A CDE model looks like

$$z_t = z_0 + \int_0^t f_\theta(z_s) dX_s$$

Where $X$ is your data and $f_\theta$ is a neural network. So the first thing we need to do is define such an $f_\theta$.
That's what this CDEFunc class does.
Here we've built a small single-hidden-layer neural network, whose hidden layer is of width 128.

In [3]:
class CDEFunc(torch.nn.Module):
    def __init__(self, input_channels, hidden_channels):
        ######################
        # input_channels is the number of input channels in the data X. (Determined by the data.)
        # hidden_channels is the number of channels for z_t. (Determined by you!)
        ######################
        super(CDEFunc, self).__init__()
        self.input_channels = input_channels
        self.hidden_channels = hidden_channels

        self.linear1 = torch.nn.Linear(hidden_channels, 128)
        self.linear2 = torch.nn.Linear(128, input_channels * hidden_channels)
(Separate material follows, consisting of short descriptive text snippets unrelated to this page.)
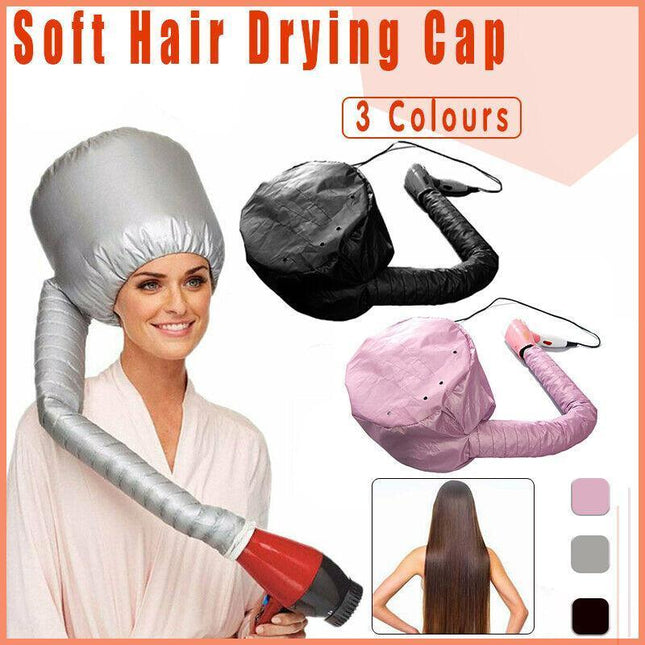 Bonnet Hair Drying Cap Hat Hood Soft Womens Blow Dryer hairdressing tool Home AU - Aimall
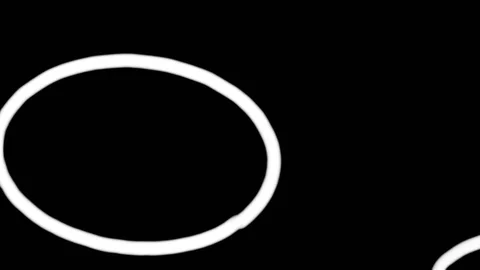 Abstract circles on black background Video stock 90801215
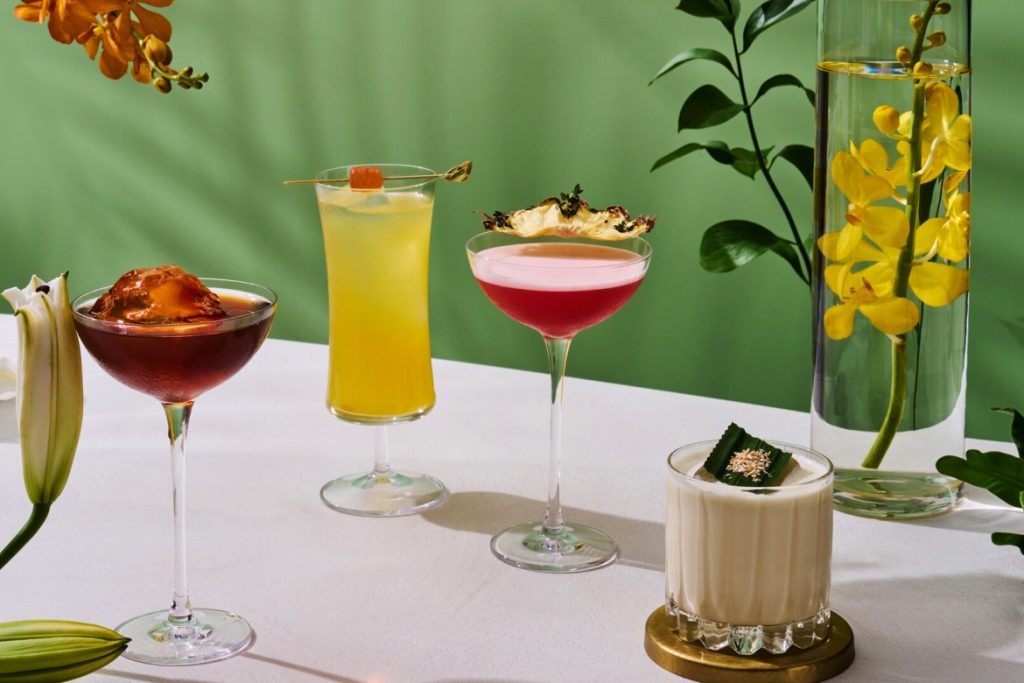'Secret Gardens' cocktails, One-Ninety Bar, Singapore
    ######################
    # For most purposes the t argument can probably be ignored; unless you want your CDE to behave differently at
    # different times, which would be unusual. But it's there if you need it!
    ######################
    def forward(self, t, z):
        # z has shape (batch, hidden_channels)
        z = self.linear1(z)
        z = z.relu()
        z = self.linear2(z)
        ######################
        # Easy-to-forget gotcha: Best results tend to be obtained by adding a final tanh nonlinearity.
        ######################
        z = z.tanh()
        ######################
        # Ignoring the batch dimension, the shape of the output tensor must be a matrix,
        # because we need it to represent a linear map from R^input_channels to R^hidden_channels.
        ######################
        z = z.view(z.size(0), self.hidden_channels, self.input_channels)
        return z

Next, we need to package CDEFunc up into a model that computes the integral.

In [4]:
class NeuralCDE(torch.nn.Module):
    def __init__(self, input_channels, hidden_channels, output_channels, interpolation="cubic"):
        super(NeuralCDE, self).__init__()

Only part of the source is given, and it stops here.